Solo handles everything:

  • Drafting your Answer with proper legal format
  • Including your affirmative defenses
  • Filing with the correct court
  • Serving the opposing attorney
  • Meeting your state’s deadline

Solo also offers settlement negotiation tools. You can contact collectors and negotiate reduced payoff amounts entirely online.

No matter where you are in the debt collection process, Solo simplifies the legal requirements.

Frequently Asked Questions

What is the statute of limitations on medical debt?

The statute of limitations on medical debt is the time period during which creditors and collectors can legally sue you for unpaid medical bills. This timeframe varies by state, typically ranging from three to ten years. After the statute expires, collectors lose their legal right to sue you in court, though the debt itself doesn't disappear and can still affect your credit report.

How do I use the statute of limitations as a defense in court?

To use an expired statute of limitations as a defense, you must file a written Answer to the lawsuit before your state's deadline. In your Answer, list the expired statute of limitations as one of your affirmative defenses. Courts don't automatically track these deadlines, so you must actively raise this defense. If you prove the debt is time-barred, the judge will dismiss the case.

Can debt collectors still contact me after the statute of limitations expires?

Yes, debt collectors can still contact you and request payment after the statute of limitations expires. The expired statute only prevents them from successfully suing you in court. However, if you make any payment on the debt, you reset the statute of limitations clock entirely, giving collectors more years to potentially sue you.

What happens if I ignore a medical debt lawsuit?

Ignoring a medical debt lawsuit results in a default judgment against you. The court automatically rules in favor of the collector, even if the debt is past the statute of limitations. With a judgment, collectors can garnish your wages, freeze bank accounts, and place liens on property. You must respond to every lawsuit by filing an Answer before your state's deadline.

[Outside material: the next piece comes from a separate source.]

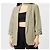 Autre Marque Pieces Blazer Oversize Beige - vista 2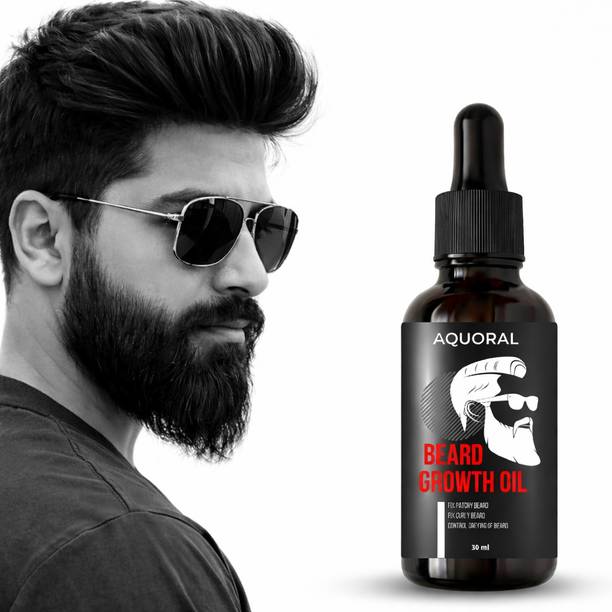 AQUORAL Grow Your Confidence: Our Beard Growth Oil Solution Hair Oil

How long does medical debt stay on my credit report?

Medical debt in collections stays on your credit report for seven years from the date it first became delinquent. This timeframe is separate from the statute of limitations for lawsuits. After seven years, the debt typically disappears from your credit report automatically, though a court judgment obtained during those seven years can extend its visibility.